The festival mate of Quartet for Strings, Viva Verdi, is even more slack – and weird as well as baffling. Martins made his first, fatal error with the selection of the music. Marc-Olivier Dupin’s 1995 Variations on Verdi’s “La Traviata” delivers the famous tunes in peculiar tempi, shorn of their words and of the dramatic context essential to their power. Martins’s choreography juxtaposes a trio of the tiny, technically brilliant, affectless young women he has been cultivating of late with a long-limbed languorous couple representing, I suppose, resonant adult romance. The connection, if any, between the alternating teams (beyond giving each other a breather) remains a mystery. Clad in bouncy yellow tutus, the three look-alike girls resemble nothing so much as cake-decoration figurines. In the leading role (originally made for Darci Kistler, Martins’s wife), Maria Kowroski, a sublime slow-motion dancer, is ravishing, as usual. Charles Askegard, her ostensible cavalier, lacks temperament and authority, also as usual. Both Verdi excursions underline the fact that Martins is far more adept at evoking poisoned and alienated relationships than he is at expressing mutual empathy and joy.

A third Martins piece new to New York this season is Hallelujah Junction, created for the Royal Danish Ballet. At its local premiere, it featured the dancers who performed the leading roles in Copenhagen, Gitte Lindstrom and Andrew Bowman. The ballet takes its title from its score, a John Adams composition for two pianos; it’s the choreographer’s eighth essay to Adams’s work. Starkly costumed in black-and-white practice dress, the dance is rigorously schematic. The principal couple is offset by a male-virtuoso soloist; the eight-member ensemble appears in a variety of configurations, among them mini-corps of men or women and subsidiary male-female duos. Clearly the setup refers to Balanchine’s celebrated “leotard” ballets to Stravinsky, but Martins misses the architectural depth and the emotional implications that Balanchine infallibly provided. Hallelujah Junction is superficially handsome but arid – a series of flat images a computer might produce.

To be sure, Martins gives us the obligatory “love” duet midway through the piece, but it accompanies music that’s not a natural for adagio dancing and conveys nothing but Martins’s enduring fascination with small, cleverly intricate partnering maneuvers – the twistings, twinings, and cantileverings one might construct with a Tinkertoy set based on human anatomy. If Hallelujah Junction says anything significant, it may be the proposal it makes (inadvertently?) that the breakneck pace of modern life, its fixation on “image,” and its resultant anomie are a state of affairs not to be deplored but celebrated.
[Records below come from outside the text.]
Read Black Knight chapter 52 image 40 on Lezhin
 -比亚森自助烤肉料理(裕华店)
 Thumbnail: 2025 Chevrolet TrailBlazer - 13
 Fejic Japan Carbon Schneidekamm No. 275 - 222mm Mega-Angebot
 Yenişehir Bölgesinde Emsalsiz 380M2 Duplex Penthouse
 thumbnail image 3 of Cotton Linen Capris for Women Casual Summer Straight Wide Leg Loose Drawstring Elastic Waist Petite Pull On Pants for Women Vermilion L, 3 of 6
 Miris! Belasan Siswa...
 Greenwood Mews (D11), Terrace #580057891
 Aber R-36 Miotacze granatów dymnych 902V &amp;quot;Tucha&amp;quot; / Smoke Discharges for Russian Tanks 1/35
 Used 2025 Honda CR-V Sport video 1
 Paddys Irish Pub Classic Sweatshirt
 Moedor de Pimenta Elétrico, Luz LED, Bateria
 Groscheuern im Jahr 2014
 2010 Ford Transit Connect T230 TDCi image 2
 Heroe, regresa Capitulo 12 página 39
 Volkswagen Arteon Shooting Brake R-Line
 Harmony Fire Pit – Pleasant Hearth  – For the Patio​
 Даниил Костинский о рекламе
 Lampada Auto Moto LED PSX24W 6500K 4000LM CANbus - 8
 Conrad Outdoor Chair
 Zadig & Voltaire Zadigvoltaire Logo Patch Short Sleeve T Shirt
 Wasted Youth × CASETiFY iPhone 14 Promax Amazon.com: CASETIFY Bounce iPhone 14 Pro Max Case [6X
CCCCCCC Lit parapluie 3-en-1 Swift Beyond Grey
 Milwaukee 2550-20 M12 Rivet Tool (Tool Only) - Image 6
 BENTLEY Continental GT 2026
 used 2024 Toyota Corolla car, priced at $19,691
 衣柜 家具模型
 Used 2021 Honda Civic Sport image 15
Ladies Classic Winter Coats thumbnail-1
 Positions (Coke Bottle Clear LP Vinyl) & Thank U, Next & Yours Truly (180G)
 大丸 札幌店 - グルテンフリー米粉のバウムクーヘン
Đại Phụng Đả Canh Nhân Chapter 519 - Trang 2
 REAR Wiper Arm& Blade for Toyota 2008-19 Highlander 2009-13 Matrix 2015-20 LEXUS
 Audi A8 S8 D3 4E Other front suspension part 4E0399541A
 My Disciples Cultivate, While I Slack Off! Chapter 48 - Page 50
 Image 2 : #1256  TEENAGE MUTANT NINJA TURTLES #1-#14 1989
Such a viewpoint would explain a lot about the new choreography we’re seeing at the NYCB and, worse, the way in which the old masterworks are being danced.

Private Lives of Dancers, shown under the auspices of the Danspace Project at St. Mark’s Church, is the latest installment in David Gordon’s dancing-and-talking work that testifies to an expanded concept of family. The term, Gordon demonstrates, needn’t be dependent on ties of blood or marriage; a small performing troupe qualifies nicely.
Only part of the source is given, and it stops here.